What the exercise asks: Write every line below out again exactly, images omitted.

Given information:

++++

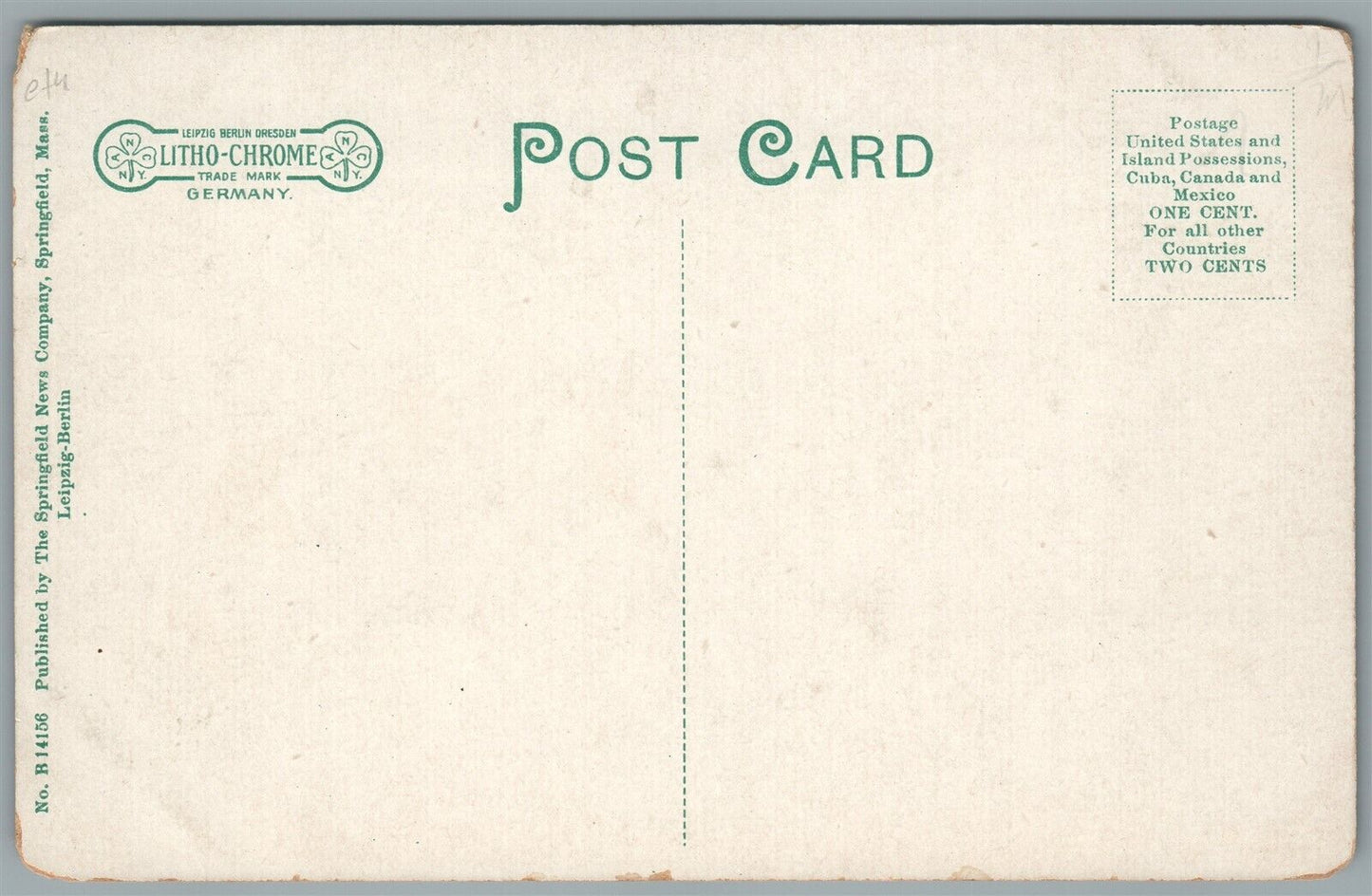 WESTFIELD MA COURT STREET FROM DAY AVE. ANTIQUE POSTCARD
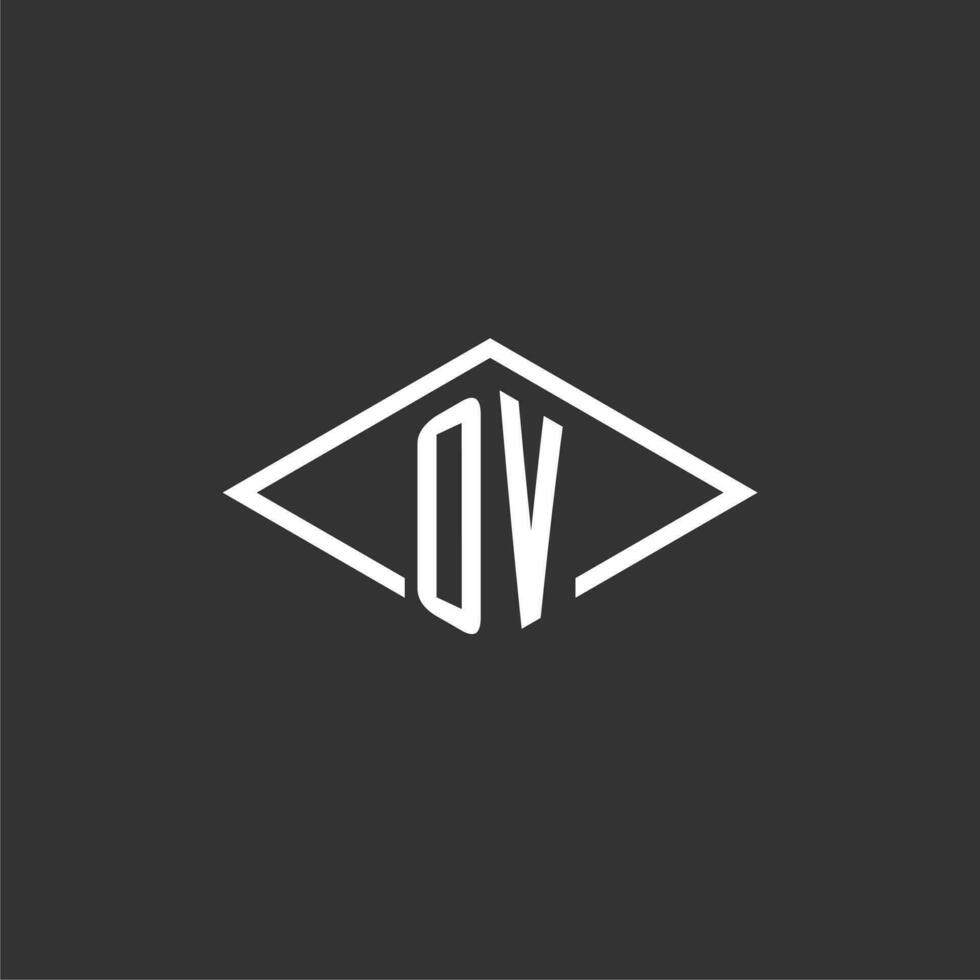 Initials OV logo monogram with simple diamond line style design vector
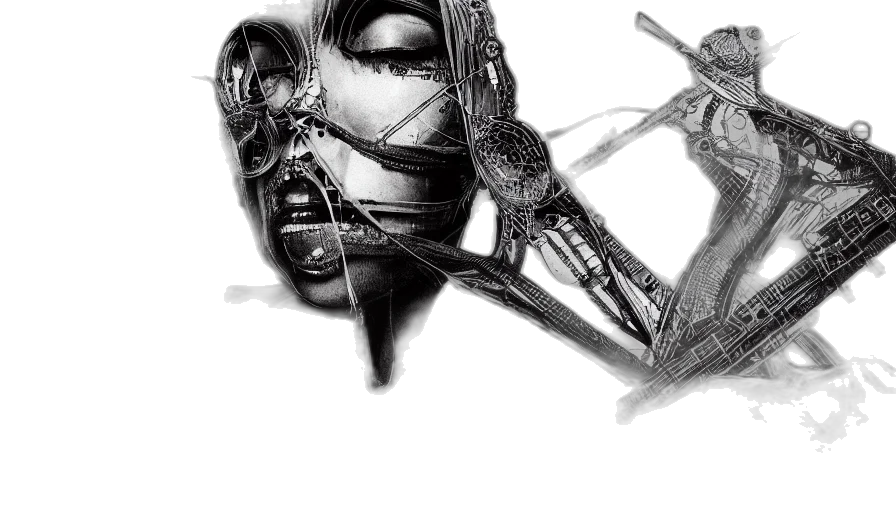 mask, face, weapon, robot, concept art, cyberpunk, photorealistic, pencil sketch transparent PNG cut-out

++++

Response to this task:
 WESTFIELD MA COURT STREET FROM DAY AVE. ANTIQUE POSTCARD
 Initials OV logo monogram with simple diamond line style design vector
 mask, face, weapon, robot, concept art, cyberpunk, photorealistic, pencil sketch transparent PNG cut-out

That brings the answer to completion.